Matt Johns, Manheim Township High School’s dean of students, believes that the school’s administration team took the proper precautions in order to determine the nature of the bullet casings. During the investigation, the school confers with parents, teachers, and student witnesses, who were there, or have knowledge about the threat.
“Just like any other concern we have here for school safety, we have to track down the source and determine the circumstances of that source,” said Johns.
After the results of the investigation are confirmed, administrators discuss them with the SRO, the school resources office, or law enforcement unit at the high school. Administrators follow a consistent protocol that is not public information to students. Protocol, depending on the issue at hand, can take anywhere from one hour to the entire day, according to Johns.
“When we are able to check the boxes both efficiently and quickly, we do. When we have to slow down because we feel as if we don’t have all of the answers we want to for school safety, then we definitely slow down” stated Johns.
Johns and the administrative team believe that the instance of two bullets within a couple weeks was simply bad luck. The findings of the bullet casings were coincidental. While they were found to be no threat to the school, the high school is still taking more precautions for student safety.
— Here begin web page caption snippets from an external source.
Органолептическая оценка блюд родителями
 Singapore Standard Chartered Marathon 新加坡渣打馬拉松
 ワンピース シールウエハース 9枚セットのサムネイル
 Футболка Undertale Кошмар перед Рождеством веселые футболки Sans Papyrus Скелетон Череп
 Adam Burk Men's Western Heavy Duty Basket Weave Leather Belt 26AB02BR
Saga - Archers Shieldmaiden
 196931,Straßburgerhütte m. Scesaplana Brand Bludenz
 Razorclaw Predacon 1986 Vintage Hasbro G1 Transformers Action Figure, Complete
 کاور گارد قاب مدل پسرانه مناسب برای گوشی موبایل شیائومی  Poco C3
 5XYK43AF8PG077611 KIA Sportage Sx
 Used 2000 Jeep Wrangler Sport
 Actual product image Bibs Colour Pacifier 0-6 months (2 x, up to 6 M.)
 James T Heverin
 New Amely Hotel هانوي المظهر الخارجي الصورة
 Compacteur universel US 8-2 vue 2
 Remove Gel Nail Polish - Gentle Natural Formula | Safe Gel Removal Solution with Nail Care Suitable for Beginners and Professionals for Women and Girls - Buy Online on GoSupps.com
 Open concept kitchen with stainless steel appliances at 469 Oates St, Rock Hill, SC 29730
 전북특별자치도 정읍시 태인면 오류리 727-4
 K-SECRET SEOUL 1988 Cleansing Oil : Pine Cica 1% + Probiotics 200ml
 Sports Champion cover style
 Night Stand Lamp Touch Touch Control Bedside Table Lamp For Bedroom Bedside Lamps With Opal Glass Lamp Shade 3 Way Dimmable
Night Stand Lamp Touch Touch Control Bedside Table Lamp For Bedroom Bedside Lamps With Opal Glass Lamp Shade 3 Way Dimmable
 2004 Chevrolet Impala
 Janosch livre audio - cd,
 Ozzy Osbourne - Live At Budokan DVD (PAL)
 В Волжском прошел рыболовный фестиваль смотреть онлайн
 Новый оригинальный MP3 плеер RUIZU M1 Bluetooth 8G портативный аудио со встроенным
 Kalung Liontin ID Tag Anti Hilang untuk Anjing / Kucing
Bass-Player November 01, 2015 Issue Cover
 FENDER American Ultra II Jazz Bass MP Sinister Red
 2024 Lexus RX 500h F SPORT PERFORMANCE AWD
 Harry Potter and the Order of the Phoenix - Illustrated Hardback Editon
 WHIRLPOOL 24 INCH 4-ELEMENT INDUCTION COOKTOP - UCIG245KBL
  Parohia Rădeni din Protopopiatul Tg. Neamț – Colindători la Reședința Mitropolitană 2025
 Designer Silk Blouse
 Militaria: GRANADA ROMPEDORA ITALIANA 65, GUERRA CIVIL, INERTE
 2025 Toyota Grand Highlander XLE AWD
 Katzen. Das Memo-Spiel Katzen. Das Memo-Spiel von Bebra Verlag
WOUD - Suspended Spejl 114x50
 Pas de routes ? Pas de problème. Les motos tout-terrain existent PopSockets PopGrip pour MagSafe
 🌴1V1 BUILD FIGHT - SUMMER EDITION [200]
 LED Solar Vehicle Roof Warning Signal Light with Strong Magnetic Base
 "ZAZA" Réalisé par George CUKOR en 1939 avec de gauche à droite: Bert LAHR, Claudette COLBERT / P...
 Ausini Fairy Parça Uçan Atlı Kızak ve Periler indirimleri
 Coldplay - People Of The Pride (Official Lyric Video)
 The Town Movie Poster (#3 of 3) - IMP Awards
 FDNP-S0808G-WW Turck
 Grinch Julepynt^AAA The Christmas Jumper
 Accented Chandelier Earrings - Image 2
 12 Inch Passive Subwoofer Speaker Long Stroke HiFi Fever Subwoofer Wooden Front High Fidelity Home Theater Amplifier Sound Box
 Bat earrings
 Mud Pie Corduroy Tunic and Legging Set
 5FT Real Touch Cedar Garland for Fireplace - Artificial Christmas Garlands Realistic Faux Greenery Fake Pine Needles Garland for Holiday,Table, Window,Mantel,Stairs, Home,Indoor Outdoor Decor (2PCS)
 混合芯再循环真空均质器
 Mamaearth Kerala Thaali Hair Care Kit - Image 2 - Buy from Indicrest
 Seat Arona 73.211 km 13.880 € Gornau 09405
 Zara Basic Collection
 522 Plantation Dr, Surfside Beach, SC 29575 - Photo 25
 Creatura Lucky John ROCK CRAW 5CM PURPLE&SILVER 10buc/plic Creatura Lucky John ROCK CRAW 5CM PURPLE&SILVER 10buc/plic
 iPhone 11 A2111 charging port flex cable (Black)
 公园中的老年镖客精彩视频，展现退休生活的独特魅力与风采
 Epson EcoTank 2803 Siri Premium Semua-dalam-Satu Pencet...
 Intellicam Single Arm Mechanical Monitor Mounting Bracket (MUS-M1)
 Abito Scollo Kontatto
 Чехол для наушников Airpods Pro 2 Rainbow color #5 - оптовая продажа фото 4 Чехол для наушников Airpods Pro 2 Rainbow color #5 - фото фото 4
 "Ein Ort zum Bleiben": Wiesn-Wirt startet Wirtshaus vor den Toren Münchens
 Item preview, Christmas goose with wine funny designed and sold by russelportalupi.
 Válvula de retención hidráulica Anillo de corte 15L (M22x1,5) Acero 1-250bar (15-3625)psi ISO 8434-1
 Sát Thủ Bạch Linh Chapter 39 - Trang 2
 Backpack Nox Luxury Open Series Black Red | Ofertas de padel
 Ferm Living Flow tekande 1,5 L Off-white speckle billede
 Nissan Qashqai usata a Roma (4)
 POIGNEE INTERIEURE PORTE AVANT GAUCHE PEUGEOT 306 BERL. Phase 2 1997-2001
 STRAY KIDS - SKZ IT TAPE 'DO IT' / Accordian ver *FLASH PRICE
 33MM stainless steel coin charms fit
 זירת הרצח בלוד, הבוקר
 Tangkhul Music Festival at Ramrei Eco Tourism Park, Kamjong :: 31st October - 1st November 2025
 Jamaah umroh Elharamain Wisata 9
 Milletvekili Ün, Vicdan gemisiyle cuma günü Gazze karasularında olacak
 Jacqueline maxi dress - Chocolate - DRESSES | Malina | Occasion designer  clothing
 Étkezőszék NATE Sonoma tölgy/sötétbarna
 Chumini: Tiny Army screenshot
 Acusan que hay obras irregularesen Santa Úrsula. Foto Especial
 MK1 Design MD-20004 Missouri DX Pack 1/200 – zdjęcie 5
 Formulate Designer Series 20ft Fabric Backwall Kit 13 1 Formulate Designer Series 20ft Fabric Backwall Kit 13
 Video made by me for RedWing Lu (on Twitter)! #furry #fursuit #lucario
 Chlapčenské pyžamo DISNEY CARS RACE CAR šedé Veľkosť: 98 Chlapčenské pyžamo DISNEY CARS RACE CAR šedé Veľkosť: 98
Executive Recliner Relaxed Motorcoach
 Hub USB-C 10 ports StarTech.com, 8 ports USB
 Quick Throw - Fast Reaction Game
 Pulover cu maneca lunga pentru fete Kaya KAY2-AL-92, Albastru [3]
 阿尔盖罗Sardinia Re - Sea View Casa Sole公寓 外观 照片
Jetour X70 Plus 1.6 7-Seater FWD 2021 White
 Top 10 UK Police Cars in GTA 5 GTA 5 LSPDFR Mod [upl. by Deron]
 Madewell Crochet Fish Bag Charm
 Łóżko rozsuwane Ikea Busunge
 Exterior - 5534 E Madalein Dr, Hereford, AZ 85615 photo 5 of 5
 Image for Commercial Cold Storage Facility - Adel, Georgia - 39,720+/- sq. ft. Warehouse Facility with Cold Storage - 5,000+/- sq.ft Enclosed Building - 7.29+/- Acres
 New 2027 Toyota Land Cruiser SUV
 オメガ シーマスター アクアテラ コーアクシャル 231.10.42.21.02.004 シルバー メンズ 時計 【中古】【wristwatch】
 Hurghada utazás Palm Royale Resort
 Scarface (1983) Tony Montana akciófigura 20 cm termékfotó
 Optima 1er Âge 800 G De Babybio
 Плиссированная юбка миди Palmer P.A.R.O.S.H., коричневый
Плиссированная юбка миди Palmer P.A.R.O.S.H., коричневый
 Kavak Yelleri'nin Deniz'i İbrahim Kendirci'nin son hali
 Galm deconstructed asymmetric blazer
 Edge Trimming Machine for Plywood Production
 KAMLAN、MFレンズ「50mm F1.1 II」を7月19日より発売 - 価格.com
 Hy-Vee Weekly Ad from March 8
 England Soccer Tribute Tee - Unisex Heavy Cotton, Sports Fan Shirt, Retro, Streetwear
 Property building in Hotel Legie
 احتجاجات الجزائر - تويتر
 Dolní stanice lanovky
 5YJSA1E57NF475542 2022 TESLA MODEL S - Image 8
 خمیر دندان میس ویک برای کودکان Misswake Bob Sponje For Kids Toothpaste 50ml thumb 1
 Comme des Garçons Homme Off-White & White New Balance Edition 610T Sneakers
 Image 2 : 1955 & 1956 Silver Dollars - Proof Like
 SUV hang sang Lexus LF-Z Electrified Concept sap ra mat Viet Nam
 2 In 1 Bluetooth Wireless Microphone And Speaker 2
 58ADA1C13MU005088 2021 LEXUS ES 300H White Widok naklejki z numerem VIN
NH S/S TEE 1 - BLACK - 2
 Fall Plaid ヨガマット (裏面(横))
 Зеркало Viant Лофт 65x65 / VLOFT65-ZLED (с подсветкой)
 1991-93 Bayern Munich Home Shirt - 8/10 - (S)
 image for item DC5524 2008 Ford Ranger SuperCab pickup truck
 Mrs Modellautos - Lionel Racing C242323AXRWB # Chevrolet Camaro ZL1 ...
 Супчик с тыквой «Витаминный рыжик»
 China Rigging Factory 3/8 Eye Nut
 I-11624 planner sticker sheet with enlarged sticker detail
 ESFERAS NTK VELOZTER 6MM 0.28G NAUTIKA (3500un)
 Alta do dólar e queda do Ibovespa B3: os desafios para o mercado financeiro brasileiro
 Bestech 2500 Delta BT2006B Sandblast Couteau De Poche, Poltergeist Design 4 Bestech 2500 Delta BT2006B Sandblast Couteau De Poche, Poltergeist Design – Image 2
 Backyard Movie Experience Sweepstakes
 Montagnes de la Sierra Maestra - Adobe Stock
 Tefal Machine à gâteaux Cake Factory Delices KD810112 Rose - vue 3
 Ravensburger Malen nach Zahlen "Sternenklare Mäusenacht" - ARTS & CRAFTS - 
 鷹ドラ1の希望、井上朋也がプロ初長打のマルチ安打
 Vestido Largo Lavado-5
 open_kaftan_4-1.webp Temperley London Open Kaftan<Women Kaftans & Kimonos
Two years ago, the school was alerted that the front entrance raised physical safety concerns, so, starting after winter break this year, the construction on the new lobby and entrance area began.
“Prior to the construction on the front office lobby, a guest, visitor, or even a student was buzzed into the school before the security check happened. The changes out there now allows people to be checking by security prior to having full access to the rest of the building” Johns said.
The school district is working on making the school a safer place. By remodeling the front, educating students on the ALICE protocol in case of an intruder, and hiring a security monitor at the arena entrance, a Manheim Township aims to eliminate as many threats to students as possible.